UCU general secretary, Sally Hunt, said: ‘The current cuts to adult education budgets are a devastating blow to colleges and will change the face of further education in many parts of the country. Funding for adult skills has already fallen 35 per cent since 2009, and the latest reductions could be the final nail in the coffin for some courses. Not everyone needs or wants to study an apprenticeship, but colleges are being forced to prioritise apprenticeships over other kinds of learning. 

Labour commissioned researchers at the House of Commons library to model the effect of a 25 per cent cut on college budgets. According to the calculations this could mean the closure of 80 FE colleges and 56 sixth-form colleges — a total of 136 or 40 per cent of the 335 colleges, says the party. As college budgets are not protected, they are more vulnerable to huge funding cuts in George Osborne’s 2015 Spending Review, says Labour.

This follows the government’s review of post-16 education by the departments for education and Business, Innovation & Skills, which is “critical to our strategy of raising productivity and economic growth.”

Six form college leaders previously said they feared for the future of their students and their institutions – 70 per cent do not believe the amount of funding they are likely to receive in 2016 will be sufficient to provide students with a high quality education.
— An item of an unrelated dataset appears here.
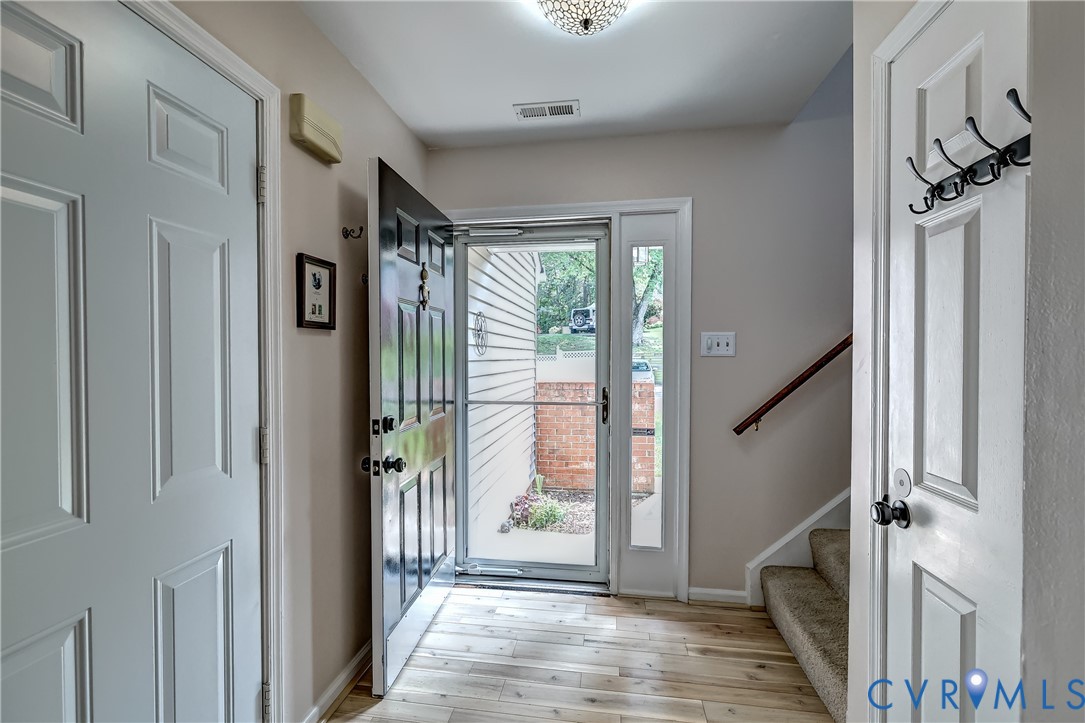 Entryway with open front door, glass storm door, light wood flooring, and carpeted staircase.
While 83 per cent do not believe it will enable them to provide the support required by students that are educationally or economically disadvantaged.

“On top of the reduction in budgets, the focus on rationalisation and efficiency through area reviews can only lead to a narrower curriculum and risks leaving many students high and dry if their aspirations don’t match local economic priorities. Colleges need stable investment to continue to help people of all backgrounds fulfil their potential,” added Hunt.